INFORMATION SUPPLIED →
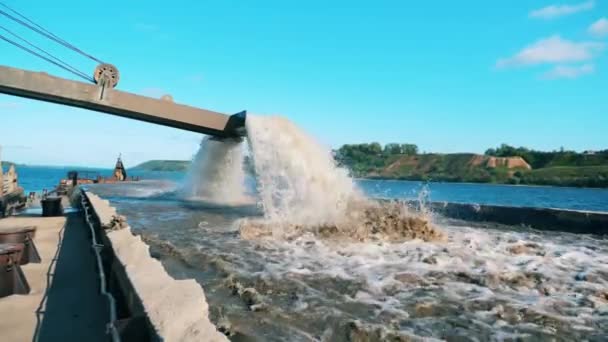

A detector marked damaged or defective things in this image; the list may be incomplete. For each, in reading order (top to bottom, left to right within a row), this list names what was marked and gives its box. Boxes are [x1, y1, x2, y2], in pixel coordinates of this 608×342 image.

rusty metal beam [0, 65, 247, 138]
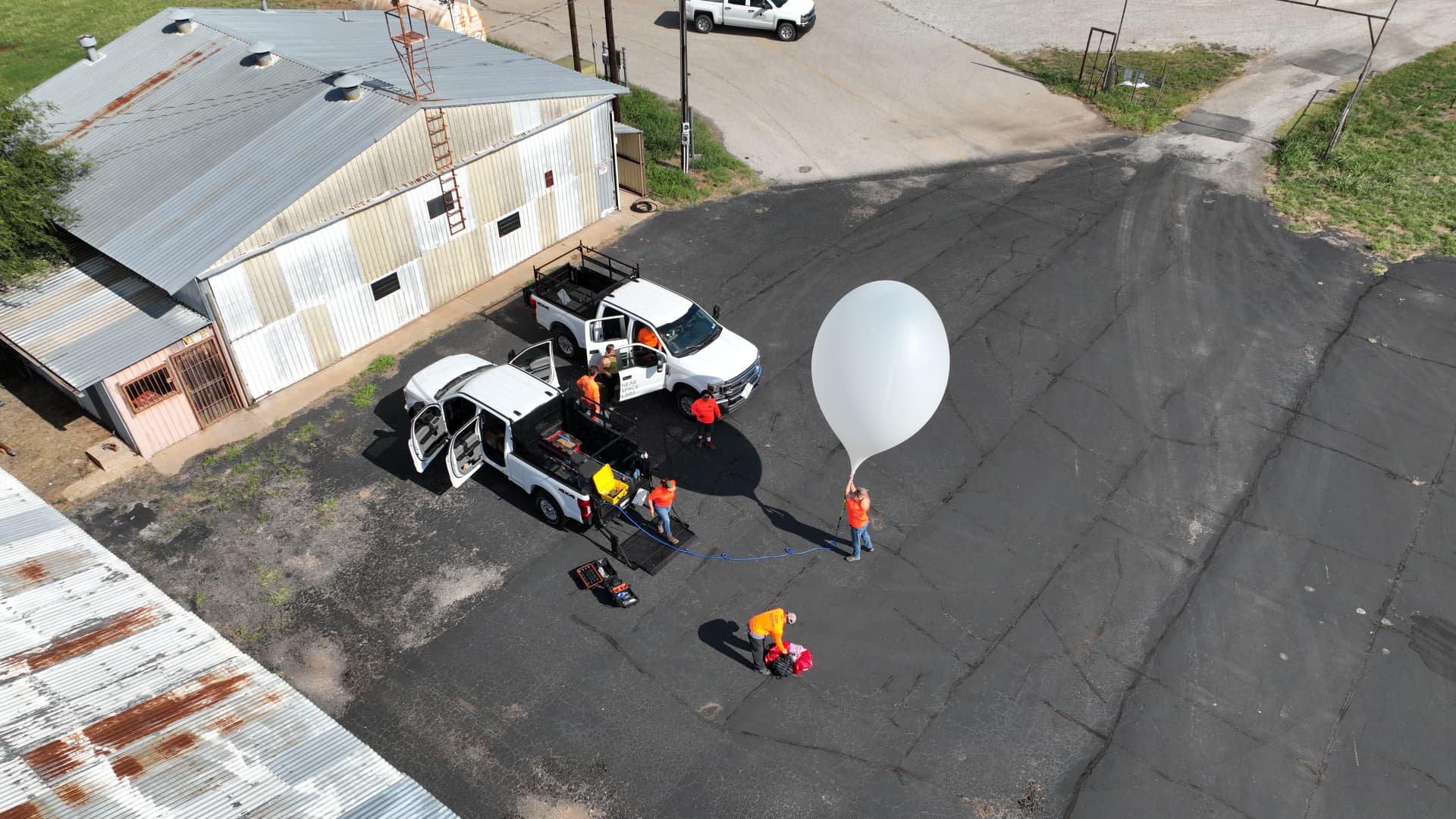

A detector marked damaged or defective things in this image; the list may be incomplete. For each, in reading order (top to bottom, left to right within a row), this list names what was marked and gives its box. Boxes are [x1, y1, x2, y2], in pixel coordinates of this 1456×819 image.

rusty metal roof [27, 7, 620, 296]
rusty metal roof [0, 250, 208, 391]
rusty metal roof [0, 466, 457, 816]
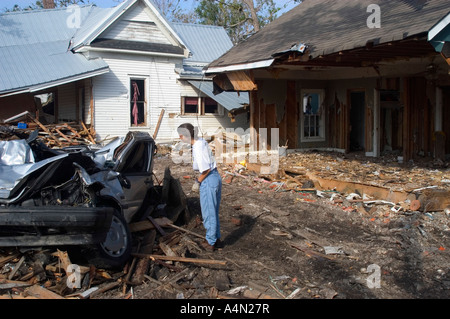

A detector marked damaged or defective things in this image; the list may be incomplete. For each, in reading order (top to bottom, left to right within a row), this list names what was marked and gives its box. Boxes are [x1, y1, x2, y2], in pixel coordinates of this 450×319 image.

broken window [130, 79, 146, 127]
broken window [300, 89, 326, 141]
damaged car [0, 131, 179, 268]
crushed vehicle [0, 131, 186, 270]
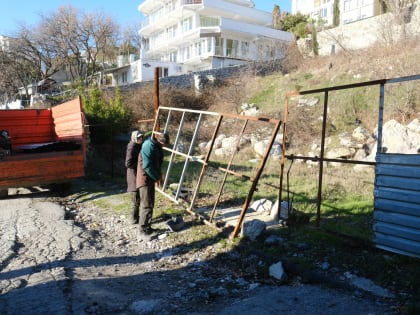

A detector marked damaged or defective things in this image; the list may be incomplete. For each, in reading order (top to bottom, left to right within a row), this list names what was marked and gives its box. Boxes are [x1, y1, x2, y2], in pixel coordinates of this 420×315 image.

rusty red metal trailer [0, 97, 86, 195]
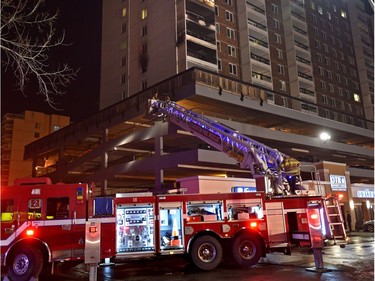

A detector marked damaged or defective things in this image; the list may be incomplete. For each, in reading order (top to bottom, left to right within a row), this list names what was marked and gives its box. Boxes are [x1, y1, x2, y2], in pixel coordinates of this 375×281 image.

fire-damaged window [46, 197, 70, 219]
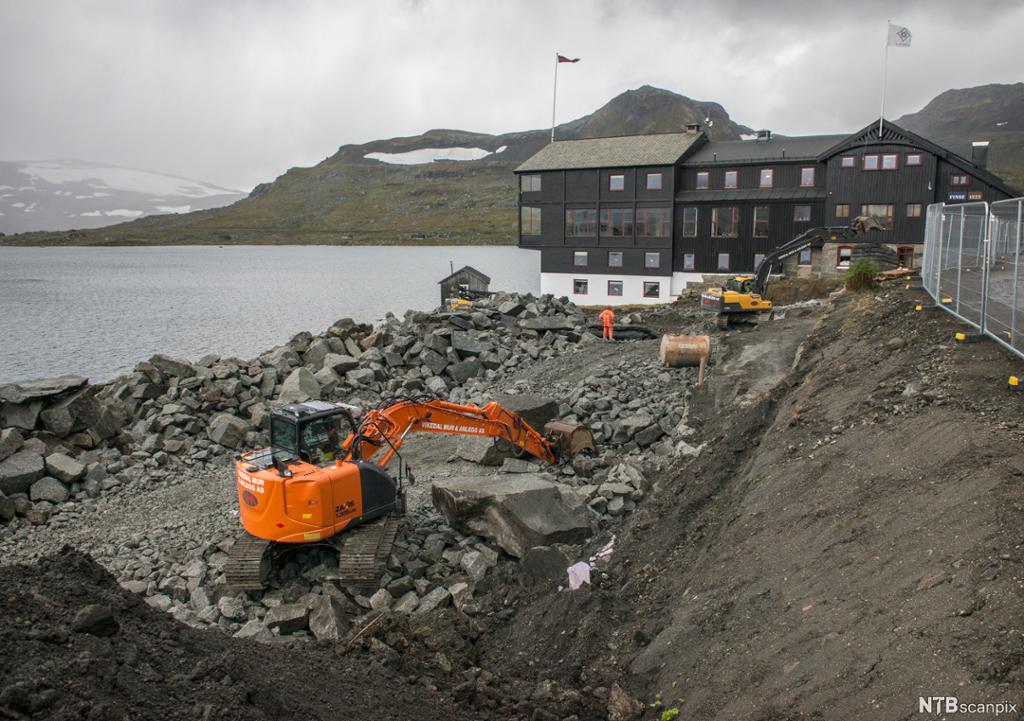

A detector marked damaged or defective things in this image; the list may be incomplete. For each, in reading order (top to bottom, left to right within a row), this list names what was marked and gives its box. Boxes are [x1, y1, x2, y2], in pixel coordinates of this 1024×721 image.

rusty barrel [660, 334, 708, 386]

THE PROBLEM →
Skip the pictures and transcribe the rest of the records exactly.

RESPONSE TO THE TASK →
A detector marked damaged or defective things in this image; the list may be incomplete. For each, in reading order (top to bottom, left to right within a row), this list names what was marked and gives its box. Boxes are [x1, y1, x2, y2], in pixel coordinates of this 608×342 image.

rusty metal beam [0, 65, 247, 138]

A detector marked damaged or defective things in this image; the list may be incomplete. For each, in reading order (top to bottom, left to right within a row), this list names what was marked and gives its box. Boxes are [x1, y1, x2, y2], in pixel coordinates of this 1456×819 image.

rusty metal roof [27, 7, 620, 296]
rusty metal roof [0, 250, 208, 391]
rusty metal roof [0, 466, 457, 816]

A detector marked damaged or defective things in this image; the list may be incomplete. For each, in reading order (top to bottom, left to right within a row), this list names what was marked and gives its box. Boxes are [x1, y1, x2, y2], in pixel coordinates of this 450×319 image.

broken window [130, 79, 146, 127]
broken window [300, 89, 326, 141]
damaged car [0, 131, 179, 268]
crushed vehicle [0, 131, 186, 270]

A detector marked damaged or defective things in this image; the list may be incomplete. For each, in reading order (top to bottom, left to right within a row), this list names what was marked and gives its box. Boxes are [x1, y1, x2, y2], in pixel coordinates of this 420×315 image.

rusty red metal trailer [0, 97, 86, 195]

A detector marked damaged or defective things in this image; the list may be incomplete. For each, in reading order (top to bottom, left to right within a row), this list names what was marked and gives its box. Boxes are [x1, y1, x2, y2], in pixel coordinates of this 375×281 image.

fire-damaged window [46, 197, 70, 219]

A detector marked damaged or defective things in this image; the list may be incomplete. For each, in reading order (top to bottom, left to right within a row), this list names what was marked and gives its box. Boxes are [x1, y1, x2, y2], in pixel coordinates of this 1024×721 image.

rusty barrel [660, 334, 708, 386]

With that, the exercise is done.